The participants (n=24), aged from 24 to 56 (mean=36.8, std=8.5) had several years of experience in editorial work (mean=8.6 years), image retrieval (8.8) and categorization (4.8). They worked in magazine editorial offices as journalists (n=7), graphic designers (n=3), photographers (n=10) and archivists (n=4). The majority (n=18) were female. Participants were shown three practice images followed by 20 stock photographs in random order, together with the categorization model of 10 main classes (see Table 1) and 72 subclasses. They were given a simulated work task (Borlund 2003) asking them to give descriptive categories to the photographs so that other employees could find them by browsing the archive. Each photo was to be categorized according to its essential content. After categorizing each image the participants filled out a post-task survey asking e.g. how well the model fit the image (Likert scale, 1=poorly; 5=well). Post-test they were interviewed and asked to evaluate the model, for example whether each main class was (1= not useful; 5=very useful) in categorizing images. We used Rolling's (1981) measure to depict subject agreement on categorizations at the sub-class level, calculating an average value for each image across all subject pairs (24*23 pairs). Based on matching category selections we evaluated image similarity by conducting multi-dimensional scaling (MDS) using a distance measure derived from the Dice measure.
The average number of category placements per image was 8.2 (std= 3.7, min=1, max=27). Table 1 displays the number of times each main class was used on average per photo and participant, share of all categorizations and the average evaluated usefulness of the class in categorizing images. On a 5-point Likert scale (1=completely disagree; 5=completely agree) the participants found the model fit the images to be categorized rather well overall (mean=3.4). They thought using several categories made the categorization easier (4.3) and improved the categorization result (4.5). The participants thought the model was suitable for categorizing wider collections of images (3.4) and professional use (3.4). The majority (75%) felt there were too few categories available, while the rest found the amount suitable.
Classifier agreement and model fit are visualized in the MDS results in Figure 1. The average classifier agreement for the test images ranged between 0.33 and 0.56, the average across all images was 0.47. The images with the highest Rolling's measure depicted people. Participant-evaluated fit of the model for each test image ranged between 2.87 and 4.00. The correlation between Rolling's measure and participant-evaluated fit was 0.42.
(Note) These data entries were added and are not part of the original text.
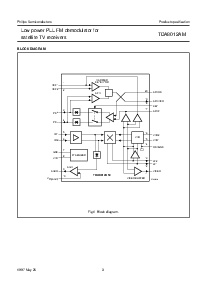 浏览型号TDA8012AM的Datasheet PDF文件第3页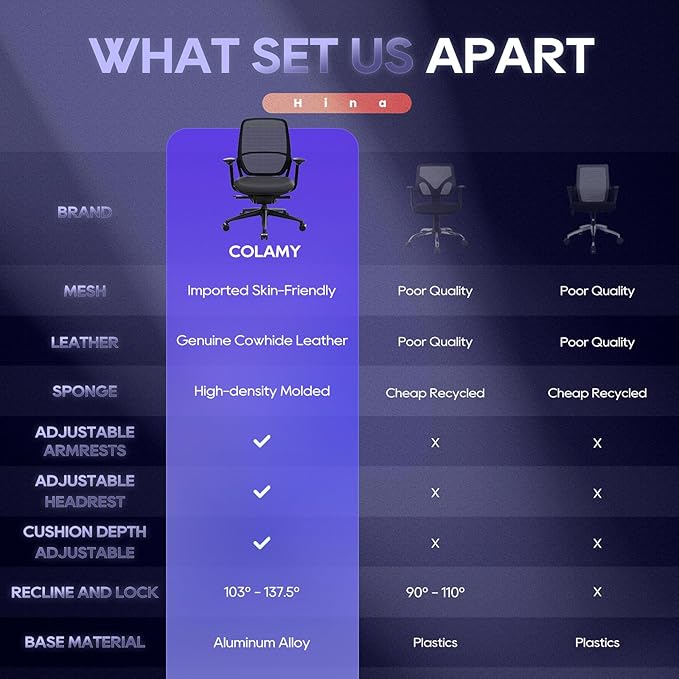 COLAMY Ergonomic Office Chair with Adjustable Seat Depth, 4D Armrests, Lumbar Support, Breathable Mesh Back, Leather Seat Cushion, and Recline Lock – Ideal Executive Desk Chair for Professionals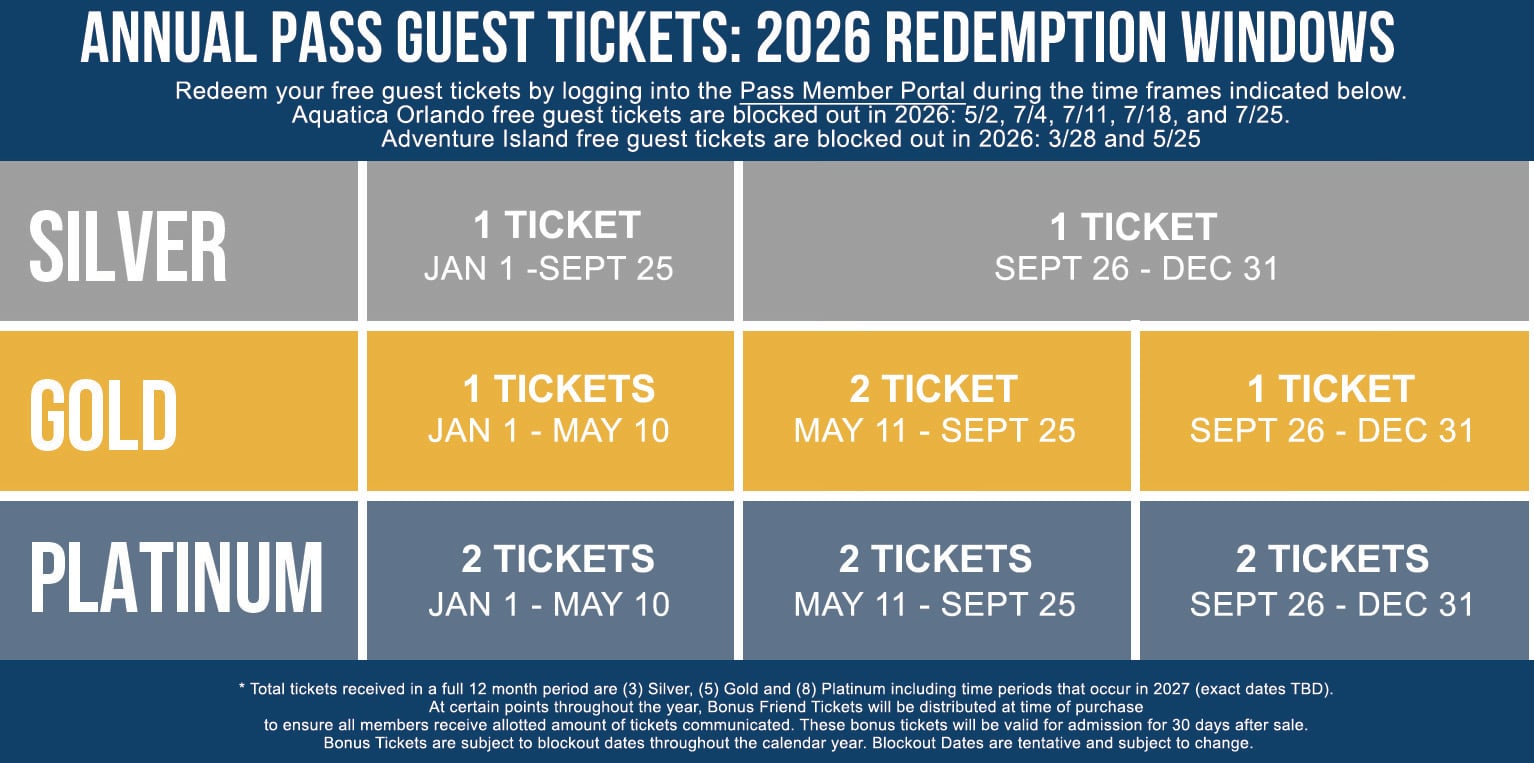 2026 Guest Ticket Redemption Windows
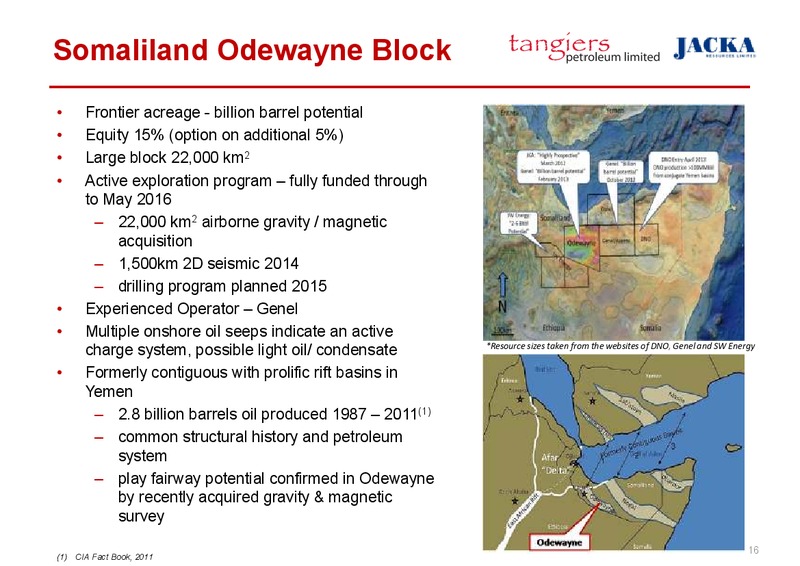 INVESTOR PRESENTATION – 88 Energy Limited – slide 16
Table 1. Main level categories and their use
The categorizations made with the help of the model were multifaceted in 99.6% of the cases. The Function and main content (Theme, People, Object, Scene) categories were thought to be very useful in categorizing photographs. The remaining content descriptor categories were thought to be somewhat less useful. However, they accounted altogether for a fifth of all category selections. The average Rolling measure of 0.47 meant that on average a little less than half of the categorizations were the same between all subjects. This may be judged fair for 24 different participants. The categorization model will be further developed based on results of this evaluation and feedback given by the participants. The ultimate goal is to improve current categorization practices at magazines to enable image retrieval and reuse by the editorial staff. This work is part of an ongoing effort for creating a standard categorization scheme for magazine imagery.